(Stored items)
[Start of Attachment]
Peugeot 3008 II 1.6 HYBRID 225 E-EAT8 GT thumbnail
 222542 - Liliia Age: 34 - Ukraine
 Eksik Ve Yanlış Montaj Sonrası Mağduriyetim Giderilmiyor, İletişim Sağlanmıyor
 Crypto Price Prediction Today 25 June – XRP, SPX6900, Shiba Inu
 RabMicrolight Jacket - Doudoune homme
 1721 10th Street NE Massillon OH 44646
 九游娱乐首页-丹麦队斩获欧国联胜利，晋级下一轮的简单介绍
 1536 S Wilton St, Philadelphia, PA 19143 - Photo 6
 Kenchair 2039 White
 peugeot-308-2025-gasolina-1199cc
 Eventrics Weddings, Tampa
[End of Attachment]
### Your assignment
Exactly as they appear, restate all of the entries.

### Your response
Peugeot 3008 II 1.6 HYBRID 225 E-EAT8 GT thumbnail
 222542 - Liliia Age: 34 - Ukraine
 Eksik Ve Yanlış Montaj Sonrası Mağduriyetim Giderilmiyor, İletişim Sağlanmıyor
 Crypto Price Prediction Today 25 June – XRP, SPX6900, Shiba Inu
 RabMicrolight Jacket - Doudoune homme
 1721 10th Street NE Massillon OH 44646
 九游娱乐首页-丹麦队斩获欧国联胜利，晋级下一轮的简单介绍
 1536 S Wilton St, Philadelphia, PA 19143 - Photo 6
 Kenchair 2039 White
 peugeot-308-2025-gasolina-1199cc
 Eventrics Weddings, Tampa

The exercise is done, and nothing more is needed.